The authors will summarise adverse events reports for each trial.

Unit of analysis issues

We will compare and analyse any unit of analysis errors that might arise as result of repeated observations on the participants as data collected at identical time points for specific outcomes across the included studies. We will follow the advice provided in Section 16.3.4 of the Cochrane Handbook for Systematic Reviews of Interventions version 5.0 (Higgins 2008b).

We will not include cross‐over studies as the duration of treatment effect and the disease effect are more likely to develop over different time periods and the appropriate wash‐out period cannot be clearly defined. However, if data from the first half of the cross‐over trial are suitable, we will include them.

Dealing with missing data

We will attempt to retrieve missing data from the investigators of any of the included trials; if unsuccessful or if the discrepancies are significant, we will provide a narrative synthesis of the data as reported.

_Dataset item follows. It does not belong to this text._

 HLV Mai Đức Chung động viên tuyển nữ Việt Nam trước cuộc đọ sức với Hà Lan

Assessment of heterogeneity

We will assess clinical heterogeneity by examining the characteristics of the studies, the similarity between the types of participants, the interventions and the outcomes as specified in the criteria for included studies. We will assess heterogeneity using the I‐squared (I2) statistic. If moderate levels of heterogeneity are detected for the primary outcomes (I2 > 50%), reasons for heterogeneity will be explored using subgroup analysis. We will consider heterogeneity to be significant when the P value is less than 0.10 (Higgins 2003).

Assessment of reporting biases

If we identify sufficient trials for inclusion in this review, we will assess publication bias according to the recommendations on testing for funnel plot asymmetry (Egger 1997) and as described in section 10.4.3.1 of the Cochrane Handbook for Systematic Reviews of Interventions 5.0 (Higgins 2008b). If we then identify asymmetry, we will try to assess other possible causes and explore these in the discussion if appropriate.

Data synthesis

For the synthesis and meta‐analysis of any quantitative data we plan to use the random‐effects model.

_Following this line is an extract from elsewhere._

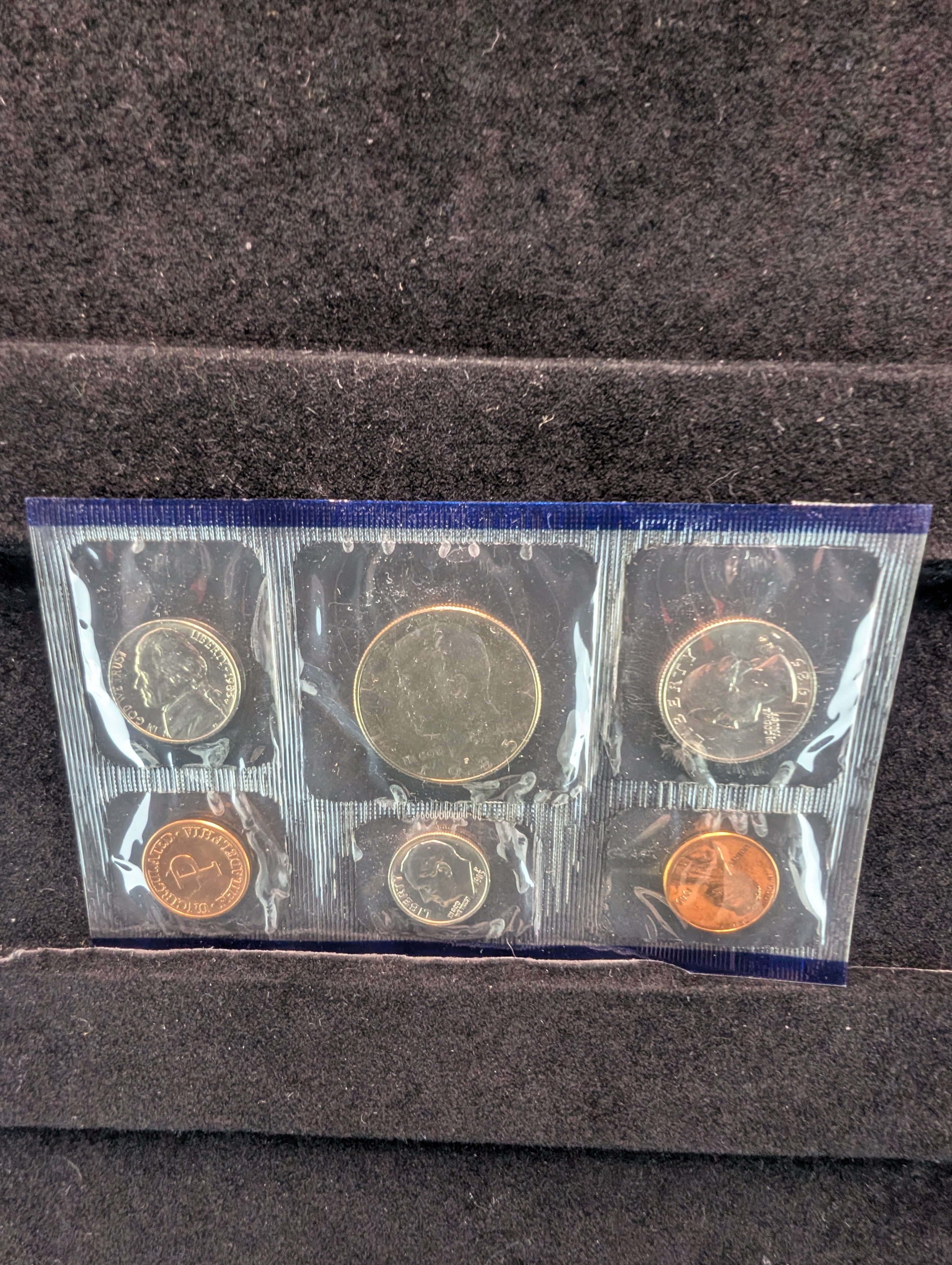 1985-P&D Unc. U.S. Mint Set in OGP w/ COA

We will seek statistical support from the Cystic Fibrosis and Genetic Disorders Group. Two review authors (VT, VJ) will analyse any data reported in the included studies and relevant to the primary and secondary outcomes of this review using RevMan 5.0 (RevMan 2008). They will report results as suggested in Chapter 9 of the Cochrane Handbook for Systematic Reviews of Interventions 5.0 (Higgins 2008c).

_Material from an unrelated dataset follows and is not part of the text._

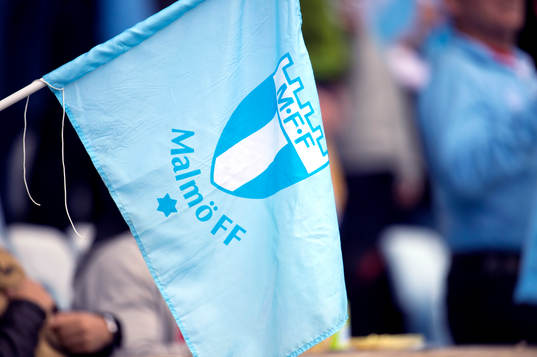 En Malmö FF flagga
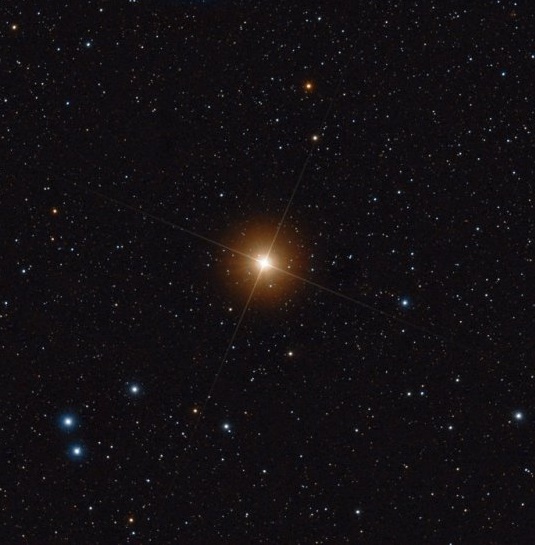 assim como aldebaran, o yeosang é a maior estrela da minha constelação. a mais brilhante do meu céu noturno. aldebaran é vermelha, como a cor favorita dele. o sol perto dela é apenas uma bolinha amarela. uma pena ela estar tão distante, mesmo que esteja perto, assim como ele.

Subgroup analysis and investigation of heterogeneity

If we identify heterogeneity we will investigate this with the following subgroup analyses:

  1. Tanner stage of puberty (Tanner 1962);

  2. sex;

  3. baseline nutritional or anthropometric status;

  4. lung function (FEV1 < 50%, 50% to 80% and > 80%).

Sensitivity analysis

If we are able to include more than one study, we plan to conduct sensitivity analyses to assess the robustness of our review results by repeating the analysis with the following adjustments: exclusion of studies with unclear or inadequate allocation concealment; unclear or inadequate blinding of outcomes assessment; and completeness of follow‐up.